The ‘Poem, Story & Scape in the work of Kevin Crossley-Holland’ exhibition tracks the works of Crossley Holland chronologically, beginning at one end of the Old Library with books containing the Old English texts and fragments he would have studied as a student, and ending with his most recent publications. This journey through literary history and Crossley-Holland’s own academic ventures ducks and dives in and out of rabbit holes of a creative’s endless fascinations – we see explorations into photography, fiction, poetry, translation…

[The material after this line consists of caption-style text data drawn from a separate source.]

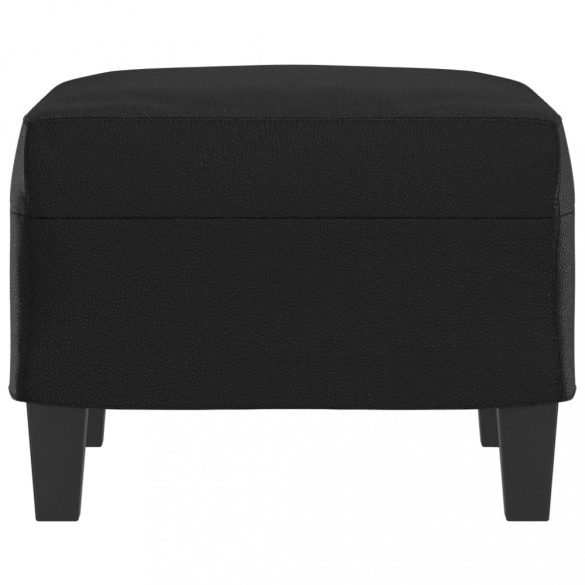 fekete műbőr lábzsámoly 60 x 50 x 41 cm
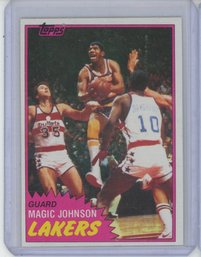 1981 Topps Magic Johnson Second Year Card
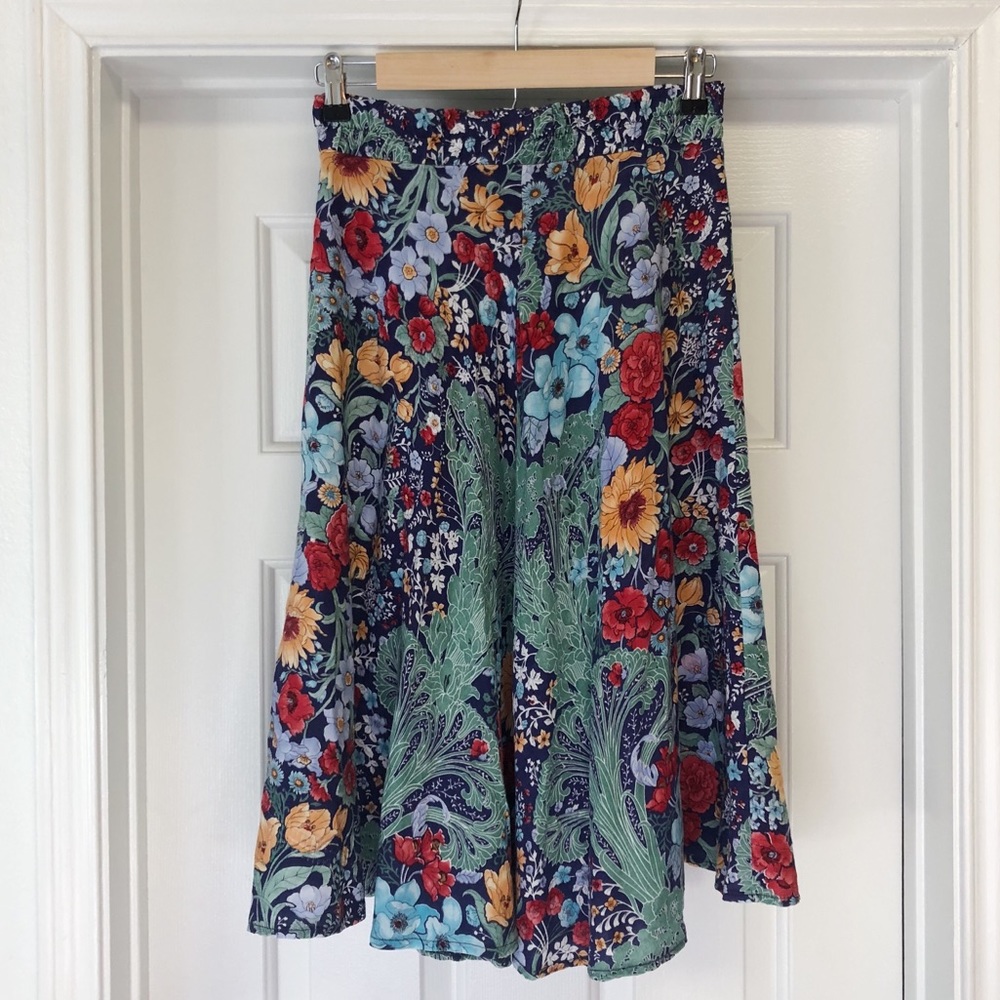 Authentic Vintage Young Timers Floral Skirt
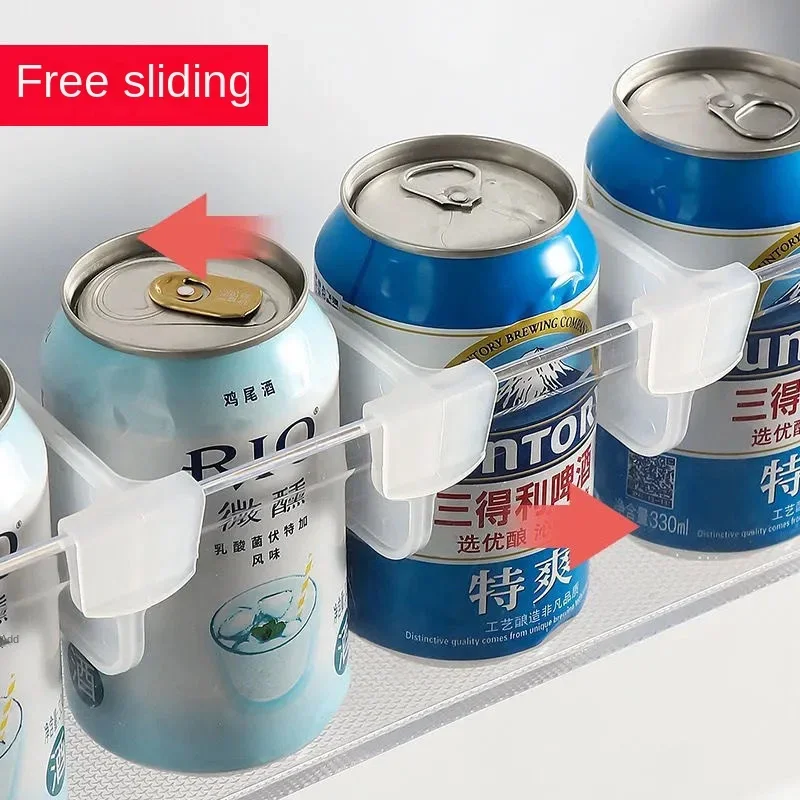 Kitchen Items Separate Storage Bathroom Accessories Kitchenware Shelf Partition Plastic Home Refrigerator Organizer Adjustable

The closest end of the table upon entering the Old Library was laden with what felt like a crash course in Old English. I felt transported back to the beginning of my own degree in English Language and Literature, with manuscripts holding translations of Cædmon’s Hymn and many versions of Beowulf, including a translation by Crossley-Holland himself. It felt like watching the new iterations of inspiration from texts that have moved readers, writers, artists and students for hundreds of years literally spill out of these works as you moved through the room and exhibition.

A photograph of a book open to a page of an image of a man kneeling, being knighted with a sword on his shoulder by a man dressed in medieval knight's attire.
Crossley-Holland book image – a knighting. Held open by a snake weight!

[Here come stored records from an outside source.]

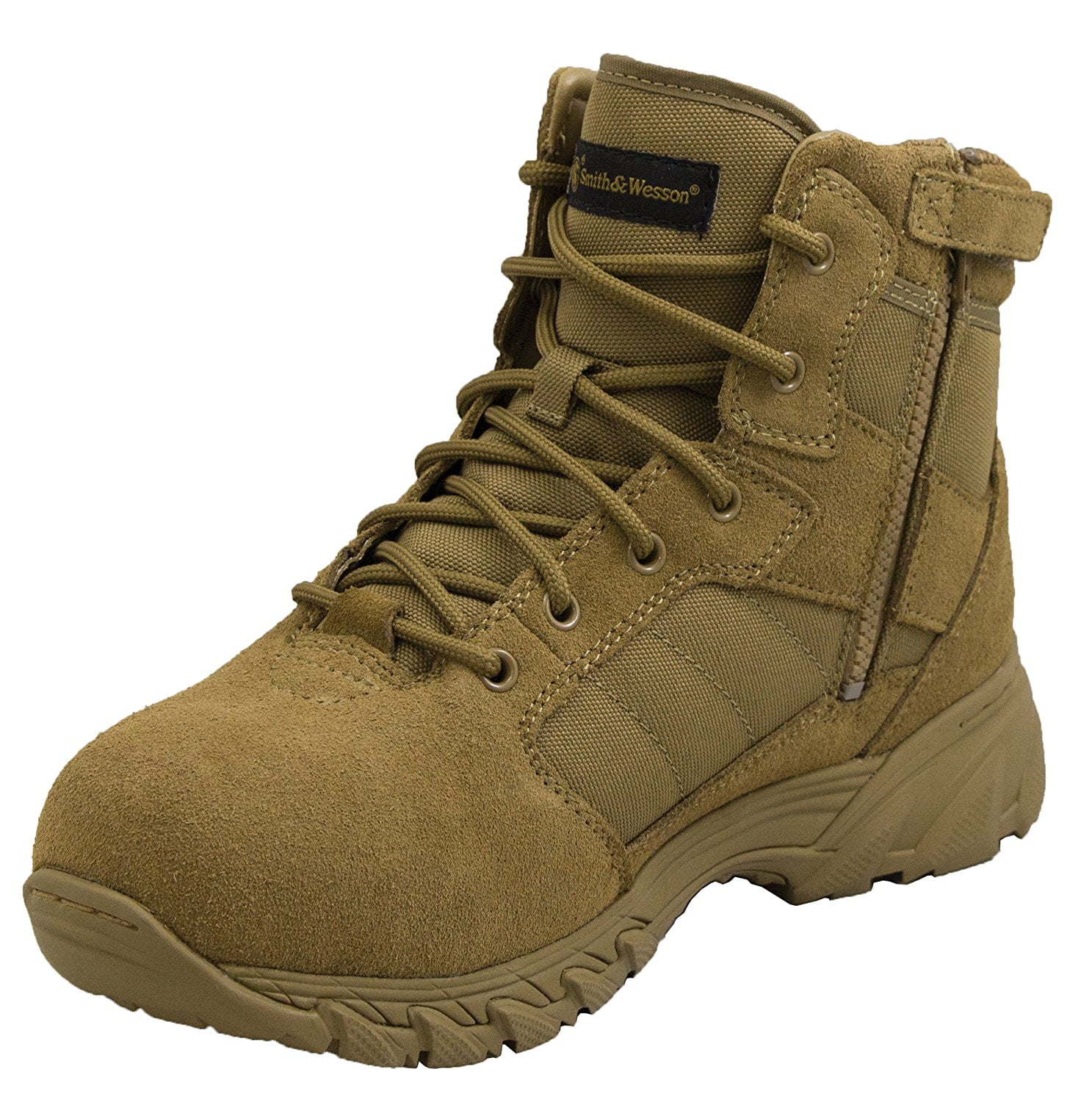 Smith & Wesson® Footwear Breach 2.0 Men's Tactical Side-Zip Boots Smith & Wesson® Footwear Breach 2.0 Men's Tactical Side-Zip Boots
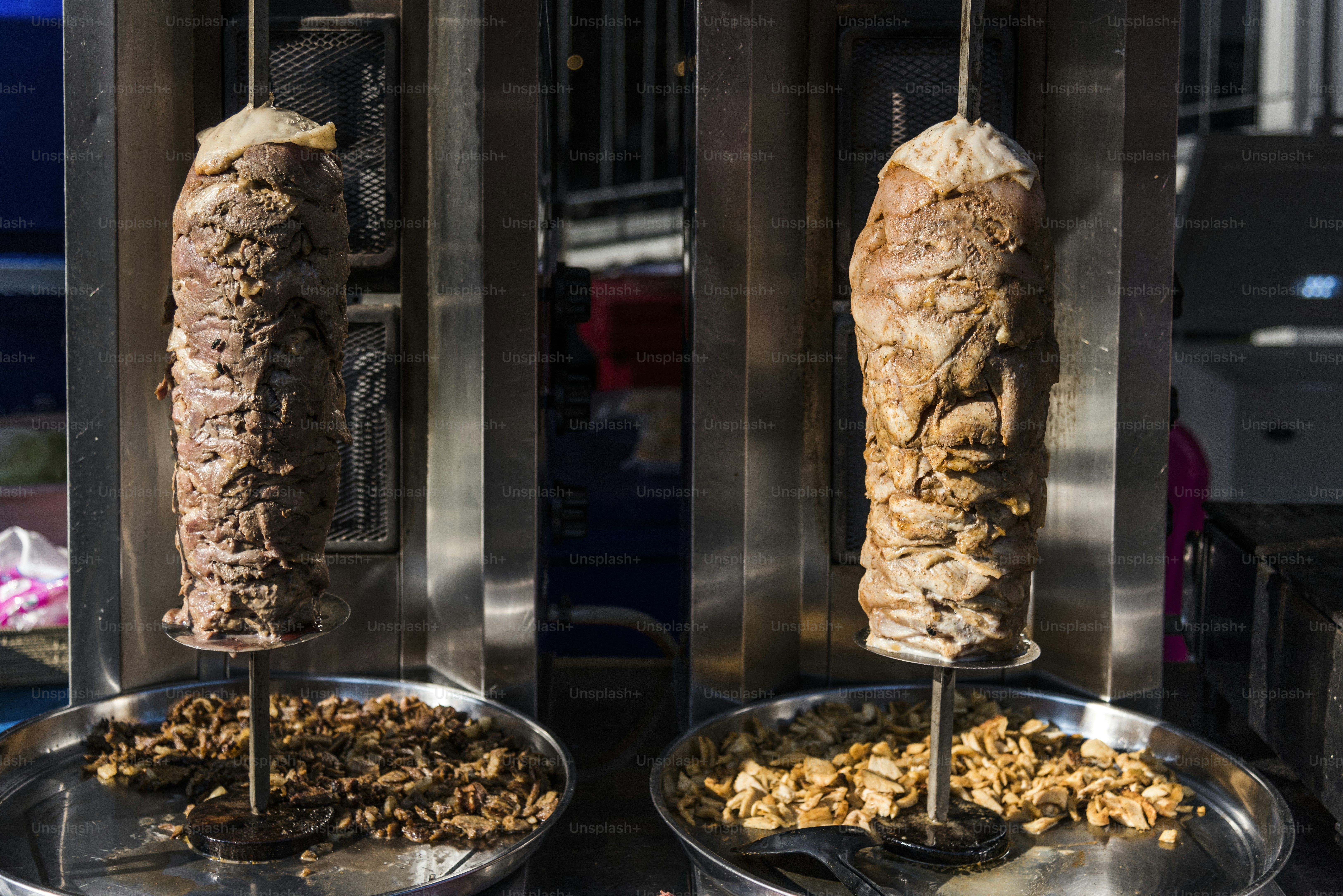 Doner kebab in a roasting spti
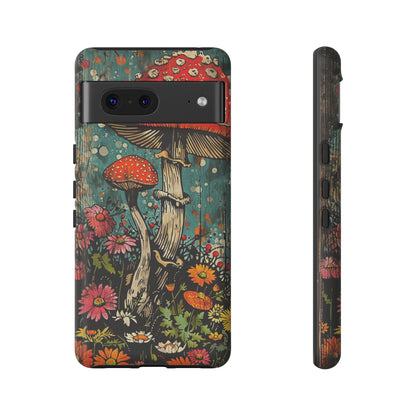 Trippy Magic Mushroom Retro Art Phone Case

Prior to starting at Christ Church as a library graduate trainee I spent some time working in a gallery. I am really interested in how the space an exhibition is displayed in influences and informs the work and the way it’s experienced. At the Old Library at SEH you spiral up a narrow staircase to a room filled with dark wood, grated bookshelves and warm light – the exhibition is just asking to be poured over.

One of my favourite aspects of the exhibition was the artworks that Crossley Holland has commissioned over the course of his career to compliment his work. Hung from the grating on the shelves, these images ranged from intricate prints to expressive illustrations.

Here are a couple of my favourites:

Lino print framed image of a battlefield with two knights on horses in the centre attacking each other with spears.
‘Malory’ by Edward Bawden

 

This piece is titled ‘Malory’ and is a lino print by Edward Bawden: bold, with a particularly playful depiction of chainmail, though a rather violent depiction of everything else…[6]. Bawden and Crossley Holland worked together on Chronicles of King Arthur.

Photograph of the front cover of a book, a block print of a man and a large cat standing behind him.
The front cover of Axe-Age, Wolf Age by Kevin Crossely-Holland, illustrated by Hannah Firmin.

 

Hannah Firmin’s pieces in Axe-Age, Wolf-Age particularly charmed me. Plus, the brightly coloured block prints in this selection of Morse Myths make for a lovely contrast to the bold black and white of Bawden’s lino prints.

 

Student Library

Towards the more joyfully bizarre end of the Oxford libraries spectrum we have SEH’s working library – housed in a 12th century church, St Peter-in-the-East. The church was deconsecrated in 1970, but readers in this library still work above a medieval crypt – one wonders if there is a notable influence on student’s work from such proximity…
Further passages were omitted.